Through most of 1987, Richard Hackett had a standing plea agreement with the Philadelphia District Attorney's Office. The deal - a recommended 6- to 15-year sentence if Hackett pleaded guilty to third-degree murder - would have spared his life.
The deal came about after Hackett turned himself in the day of the murder and agreed to help police investigate the savage attack on Dunne and her boyfriend, Greg Ogrod. Hackett admitted letting three men into a Northeast Philadelphia house to attack Ogrod, but said that he was not present during the attack and had no idea that anyone was going to be killed.
In a civil lawsuit, Hackett's parents charge that Phillips farmed their son's case out to an unseasoned associate who failed to follow through on the plea agreement.

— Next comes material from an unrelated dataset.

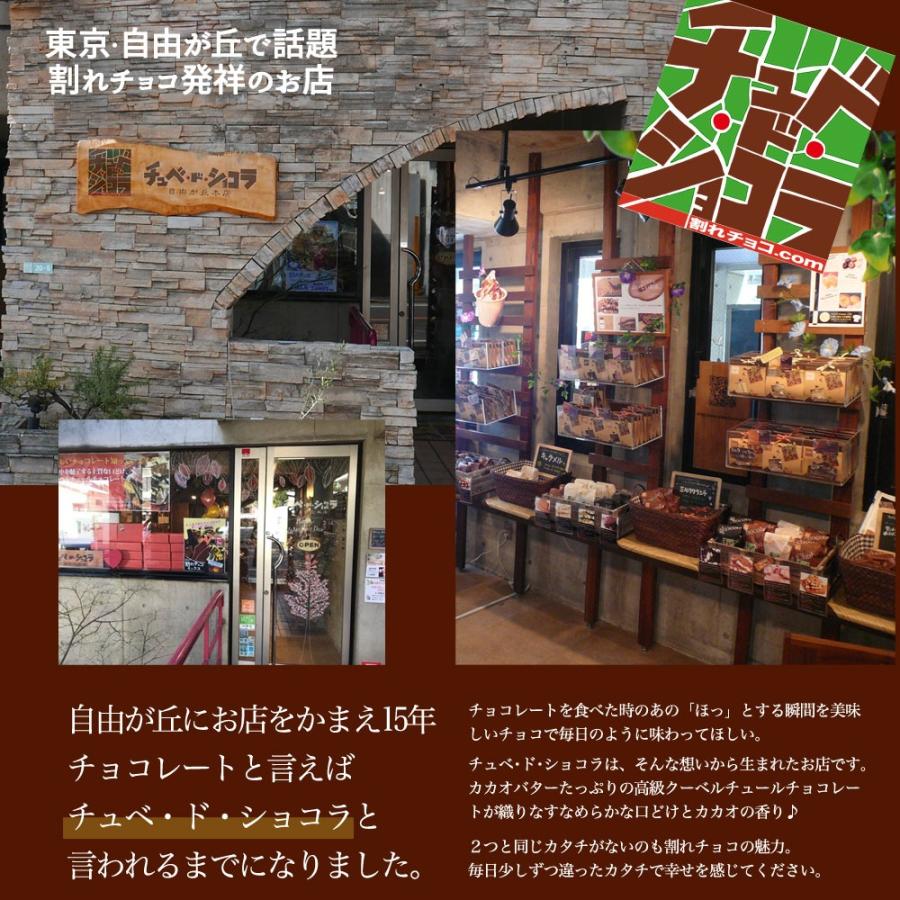 割れチョコ ミックス 12種 1kg チョコレート 大量 東京 自由が丘 チュべ・ド・ショコラ 送料無料 クーベルチュール ホワイトデー 2026 爆買 | チュベ・ド・ショコラ | 06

Their breach-of-contract suit against Phillips, a former homicide prosecutor best-known as the attorney for major league baseball umpires, is scheduled for trial this month in Chester County, where he lives.

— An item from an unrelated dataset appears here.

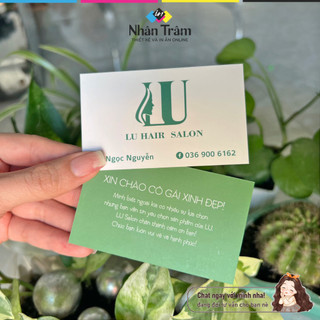 IN 500 card visit / phiếu quà tặng / phiếu bảo hành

Prosecutors withdrew the plea agreement in November 1987, and Phillips resigned from the case soon afterward. In July 1988, a Philadelphia jury convicted Hackett of first-degree murder, and Common Pleas Court Judge George J. Ivins sentenced him to death.
"We all make mistakes," said Hackett's court-appointed trial lawyer, Thomas A. Bergstrom of Philadelphia. "But clearly, had (Hackett's plea bargain) gone the way it should have, he wouldn't be there" on death row.

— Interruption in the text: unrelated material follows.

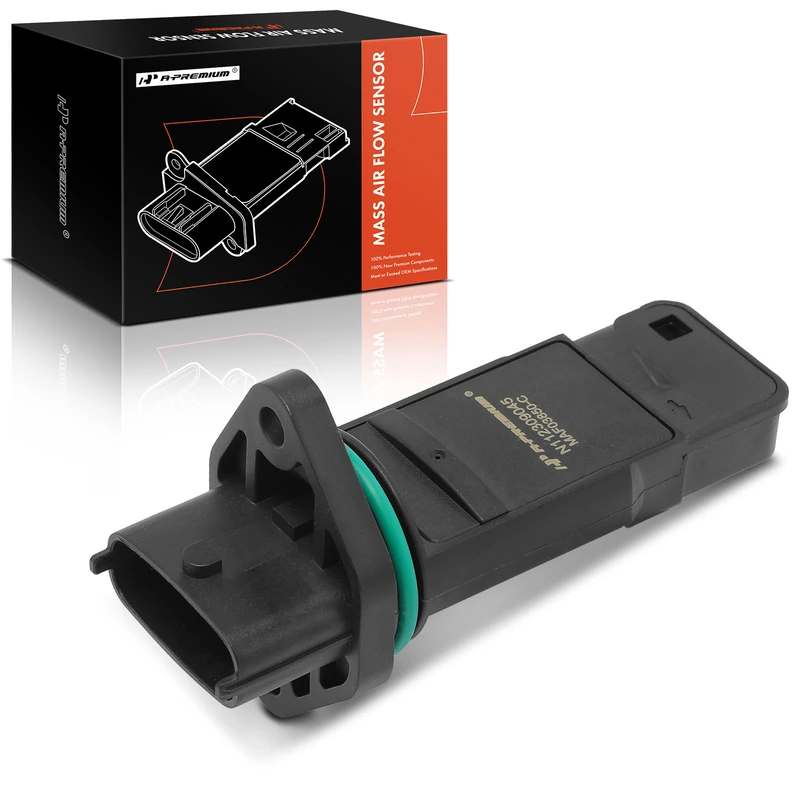 Mass Air Flow Sensor without Housing for 2009 Porsche Cayenne 4.8L V8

Bergstrom is appealing the murder conviction. The appeal has nothing to do with the collapsed plea bargain.
The Hacketts want Phillips to refund the $25,000 fee he collected for representing their son. Their lawsuit says Phillips broke promises to handle the case personally and to stay with it for the duration.
"We gave that man $25,000, and he didn't do his job," said Charles Hackett, 49, a professional dog breeder in Kresgeville, a small Poconos village in Monroe County.